Le film, un peu fadasse, raconte la capture en 1960, en Argentine, par les services secrets israéliens du nazi Adolf Eichmann.
La partie la plus intéressante mais qui n’est pas bien traitée c’est le face-à-face entre Adolf Eichmann et un de ses kidnappeurs l'agent Peter Malkin.
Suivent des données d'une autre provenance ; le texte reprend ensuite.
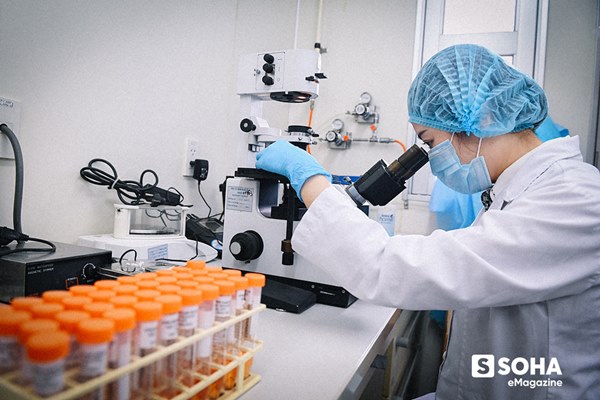 Tin vui đặc biệt từ Việt Nam và bí mật căn phòng đáng sợ nuôi cấy virus Corona-4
Il y avait là potentiellement, dans ce duel, possibilité de creuser la psychologie de l’un et de l’autre.
A ce propos, on ne peut reprocher au réalisateur d’humaniser Eichmann, d’en faire un monsieur commun, c’est même plutôt une bonne chose si l'on pense à Hannah Arendt et à sa « banalité du mal ».
L’autre question qui n’est pas suffisamment traitée est celle qui est à peine évoquée au début du film, à savoir le dilemme : faut-il buter Eichmann tout de suite pour se venger ou le prendre vivant pour le juger aux yeux de tous ?
Aujourd’hui en 2025 Israël ne se pose plus ce genre de question : on bute tout le monde sans exception…
C’est d’ailleurs un problème quand on regarde ces films sur la seconde guerre mondiale, sur le massacre des juifs, sur la Shoah, et même sur les attentats de Munich et autres, sur la capacité d’Israël à poursuivre et à punir les meurtriers, on prend (on prenait) fait et cause pour Israël mais peut-on pour autant oublier l’histoire qui se joue aujourd’hui ? Aujourd’hui, en 2025, qui massacre en masse (je n’oublie pas le 7 octobre) ? Qui va même jusqu’à mettre en place l’occupation totale d’un pays et à en exiler la population (vers Madagascar ?) ? Ceux qui avaient, avant, la légitimité et le sens de la justice (comme le montre le film « Opération finale ») et qui les ont aujourd’hui complètement perdus.